Menanggapi klaim tim investigasi yang menyebut adanya proses pemberian air menggunakan selang selama 2 hingga 4 jam per ekor sapi, Abah Edy Macan tidak tinggal diam. Ia balik menantang pihak media tersebut untuk tidak sekadar melempar narasi kosong tanpa dasar yang kuat.
"Kami nyatakan dengan tegas bahwa tudingan penggelonggongan itu 100 persen HOAX! Jika memang tim investigasi Anda mengaku melakukan penelusuran dan mengantongi keterangan, kami tantang Anda untuk membuka bukti otentiknya kepada publik. Mana bukti dokumennya? Mana foto atau video yang memperlihatkan sapi-sapi kami disiksa dan dipaksa minum berjam-jam?" tegas Abah Edy Macan.
Menurutnya, sebuah investigasi jurnalistik harus dilandasi dengan bukti empiris, bukan sekadar asumsi atau "katanya" dari sumber-sumber yang kredibilitasnya patut dipertanyakan. Tanpa adanya bukti visual berupa foto atau rekaman video saat kejadian, tuduhan tersebut hanyalah pembunuhan karakter.
Sebagai tokoh yang menjabat sebagai Ketua DPP Madas Sedarah Bidhub Pemerintah TNI dan Polri, Abah Edy Macan sangat menyayangkan adanya framing negatif dari media yang bersangkutan.
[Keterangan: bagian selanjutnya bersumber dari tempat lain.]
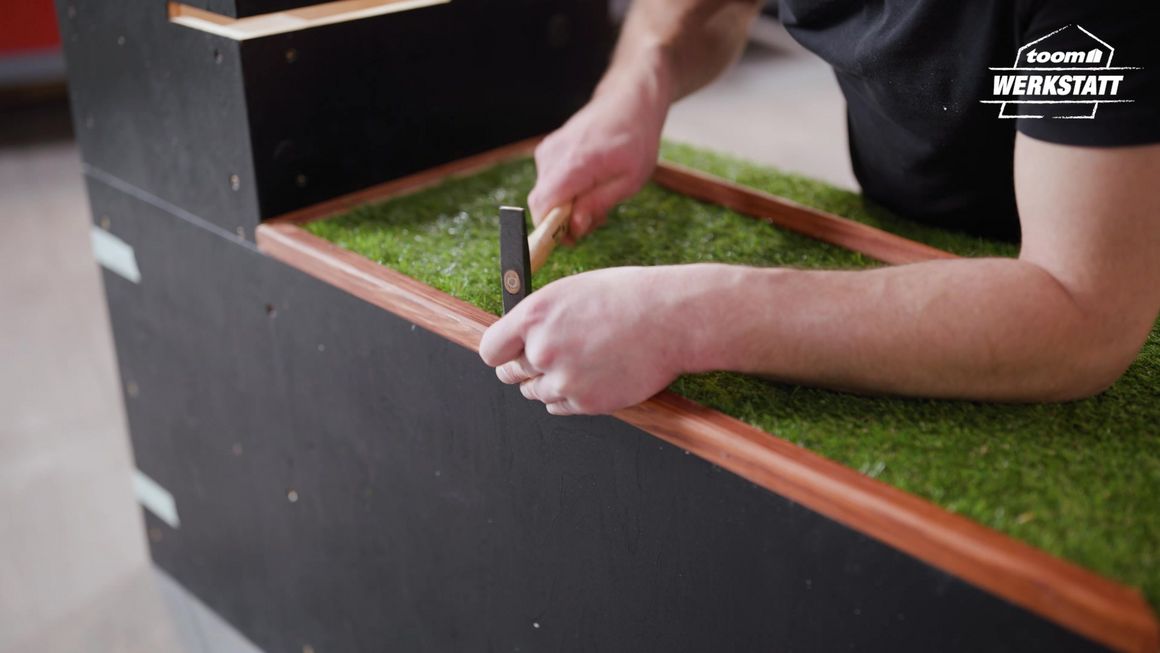 Person hämmert Holzleiste an Kiste mit Kunstrasen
Pihaknya memberikan peringatan keras bahwa menyebarkan informasi bohong (hoax) dan tuduhan tanpa bukti nyata memiliki konsekuensi hukum yang serius. Apabila pihak penuding gagal memberikan bukti otentik berupa foto atau video yang membenarkan tuduhan mereka, pihak Abah Edy Macan tidak akan segan untuk mengambil langkah hukum terkait dugaan pencemaran nama baik dan penyebaran fitnah.
"Kami tunggu bukti otentik Anda. Jangan berlindung di balik kata 'investigasi' jika yang disajikan hanyalah hoax dan opini sepihak yang menyesatkan masyarakat. Apabila oknum penuding tidak bisa memberikan bukti-bukti yang kami minta, kami anggap oknum tersebut telah melanggar undang-undang jurnalistik, dan kami tidak akan segan untuk melapor ke pihak yang berwajib, karena kami sudah mengantongi bukti CCTV," pungkasnya.